▸ **Exercise objective**
Please keep the images out and set down the data exactly as given.

▸ **Data shown**

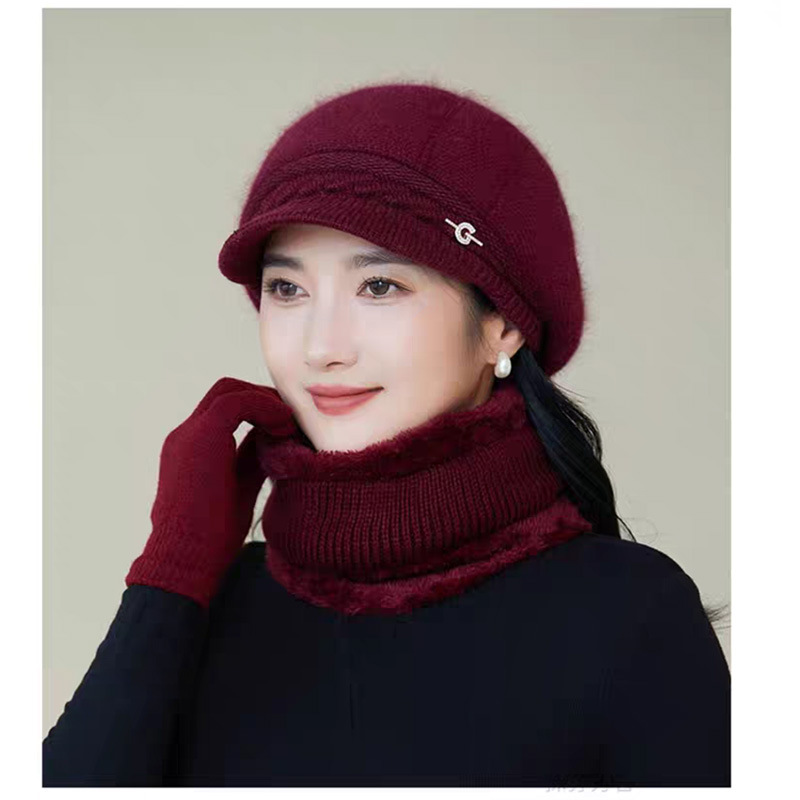 冬季妈妈帽子老太太毛线帽女士加绒兔毛保暖针织帽时尚百搭详情16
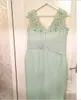 Mint Green Plus Size Mother Of The Bride Dress Knee Length Wedding Guest Gowns Two Pieces New Formal Dress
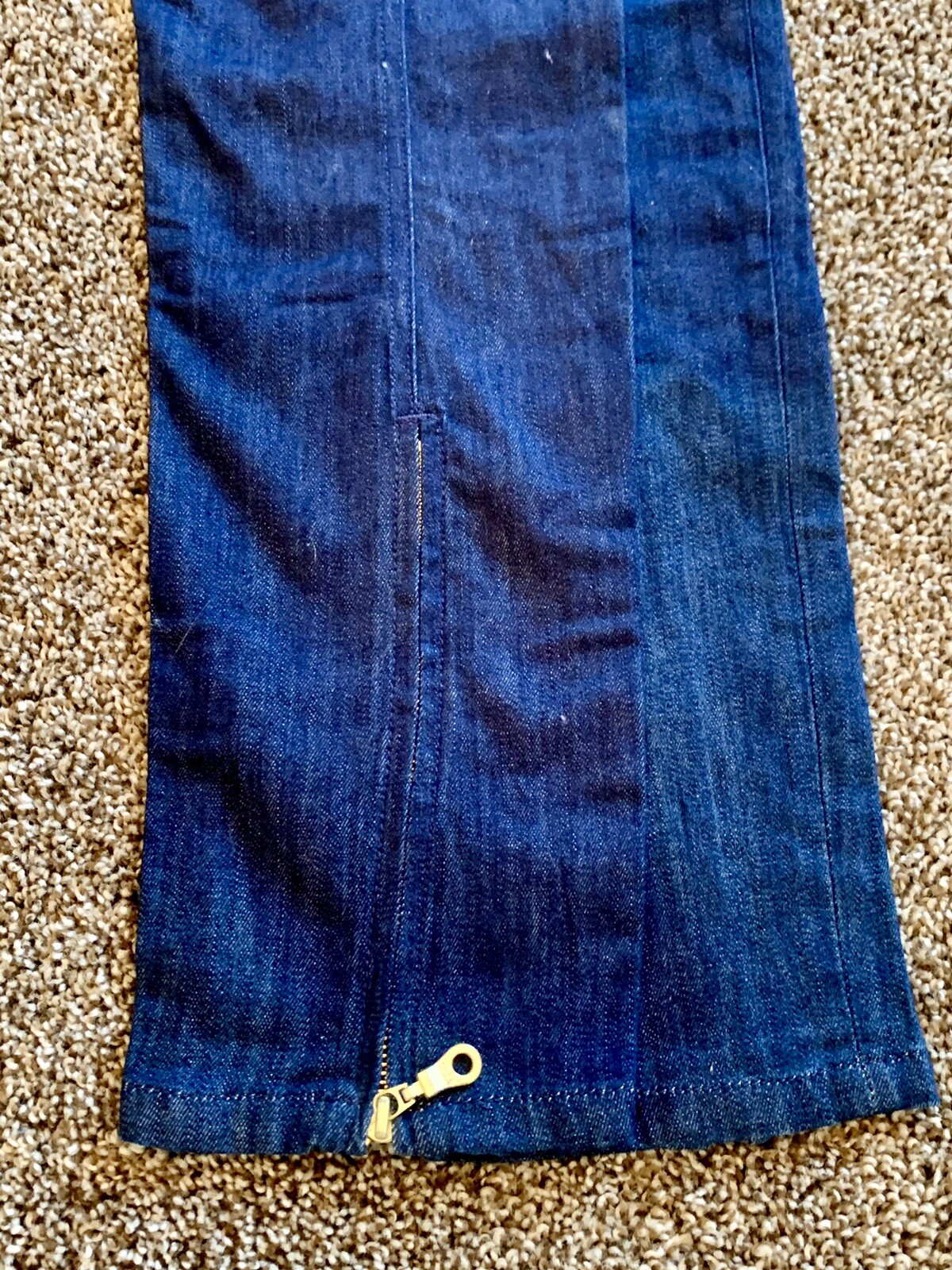VTG Y2K Christian Audigier JEANS TAPER CROP ZIP LEG Low Rise DARK WASH 29X26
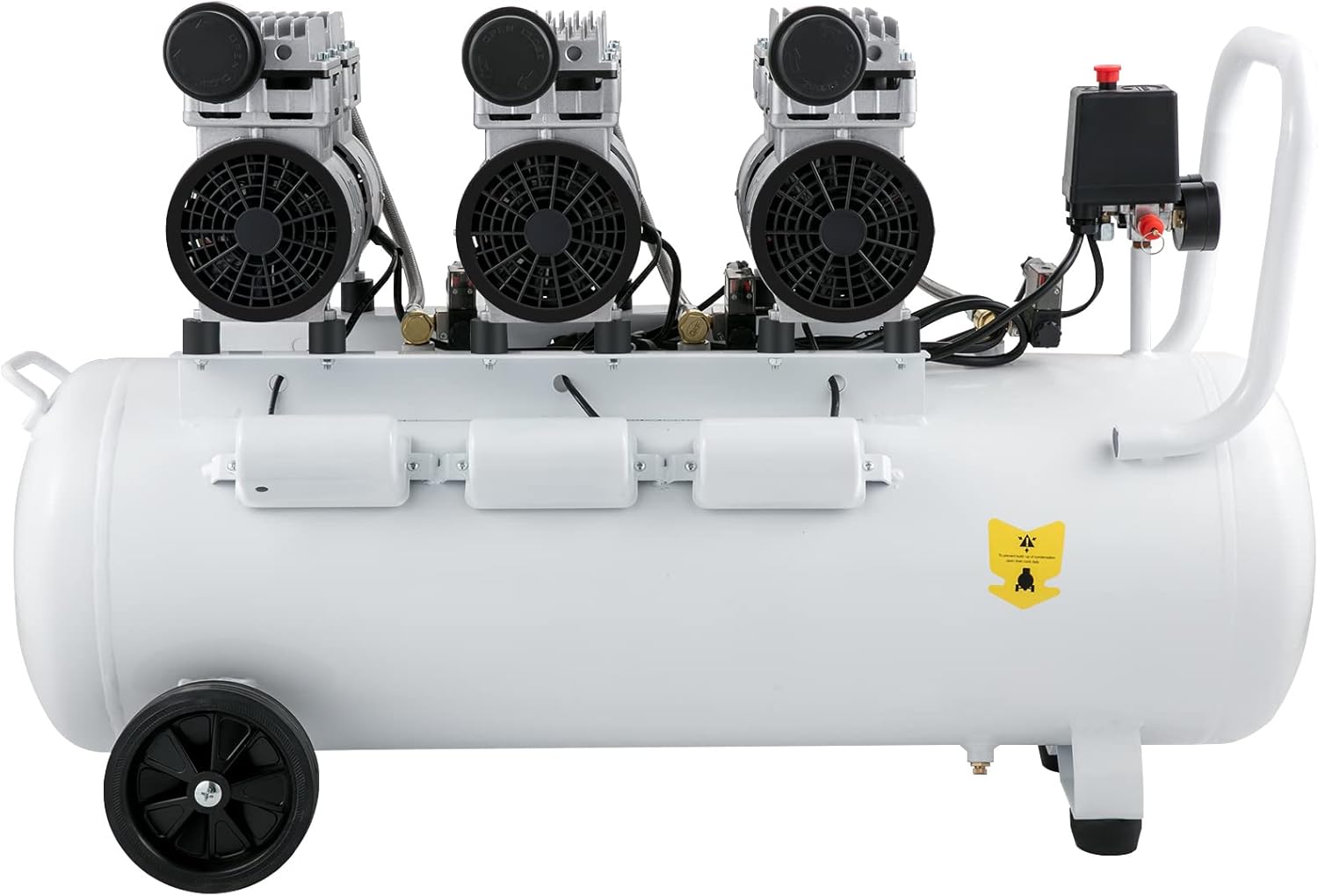 VEVOR Compresseur d’Air sans Huile Compresseur Silencieux à Air Comprimé Compresseur Outil d’Atelier pour Réparations Domiciliaires, Gonflage de Pneus (100L 2.2KW, Électrovanne)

▸ **Your solution**
 冬季妈妈帽子老太太毛线帽女士加绒兔毛保暖针织帽时尚百搭详情16
 Mint Green Plus Size Mother Of The Bride Dress Knee Length Wedding Guest Gowns Two Pieces New Formal Dress
VTG Y2K Christian Audigier JEANS TAPER CROP ZIP LEG Low Rise DARK WASH 29X26
 VEVOR Compresseur d’Air sans Huile Compresseur Silencieux à Air Comprimé Compresseur Outil d’Atelier pour Réparations Domiciliaires, Gonflage de Pneus (100L 2.2KW, Électrovanne)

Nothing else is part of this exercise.